#### To do
Go through the listing below and retype exactly the lines starting at the one with "Под Харьковом 9-летнему" and ending at the one with "gifys GIF by The .GIFYS", skipping pictures.
[Opening Supplied data section]
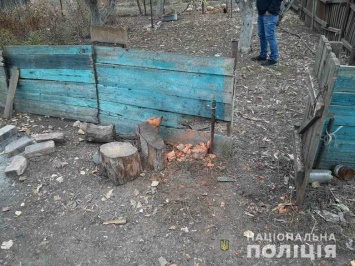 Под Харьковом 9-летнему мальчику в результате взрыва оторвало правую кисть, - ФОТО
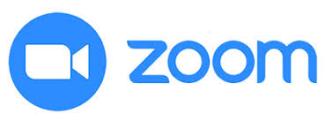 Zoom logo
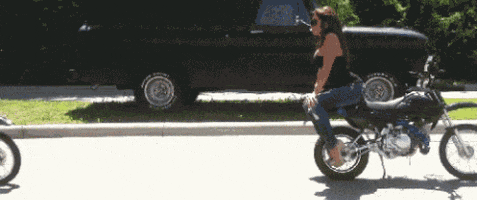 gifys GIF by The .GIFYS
[Closing Supplied data section]
[Opening Supplied data section]
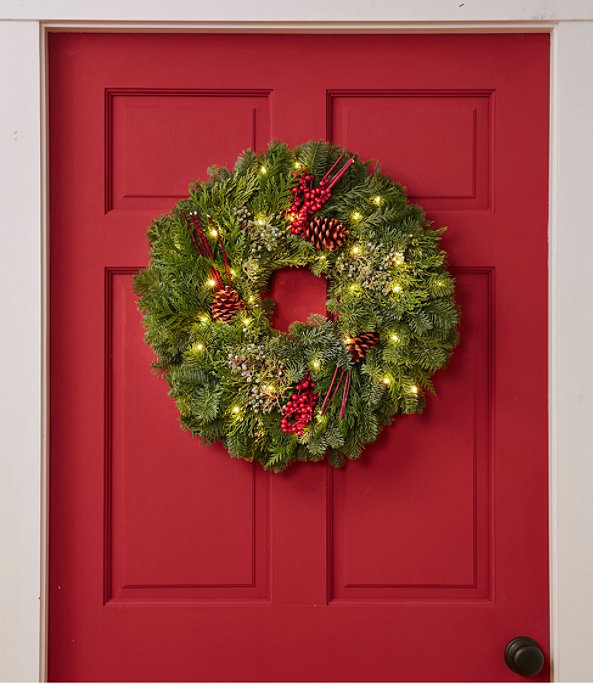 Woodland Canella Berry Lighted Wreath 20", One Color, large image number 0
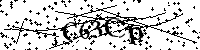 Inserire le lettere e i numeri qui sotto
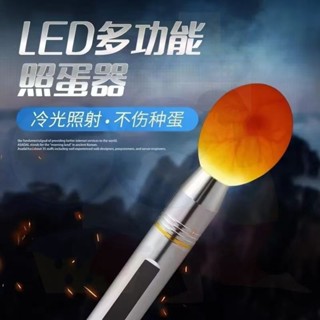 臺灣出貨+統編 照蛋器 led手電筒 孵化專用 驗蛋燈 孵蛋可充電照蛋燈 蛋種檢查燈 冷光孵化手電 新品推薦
[Closing Supplied data section]
[Opening Supplied data section]
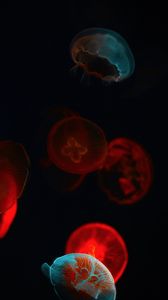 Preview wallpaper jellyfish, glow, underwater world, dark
[Closing Supplied data section]
#### Task answer
 Под Харьковом 9-летнему мальчику в результате взрыва оторвало правую кисть, - ФОТО
 Zoom logo
 gifys GIF by The .GIFYS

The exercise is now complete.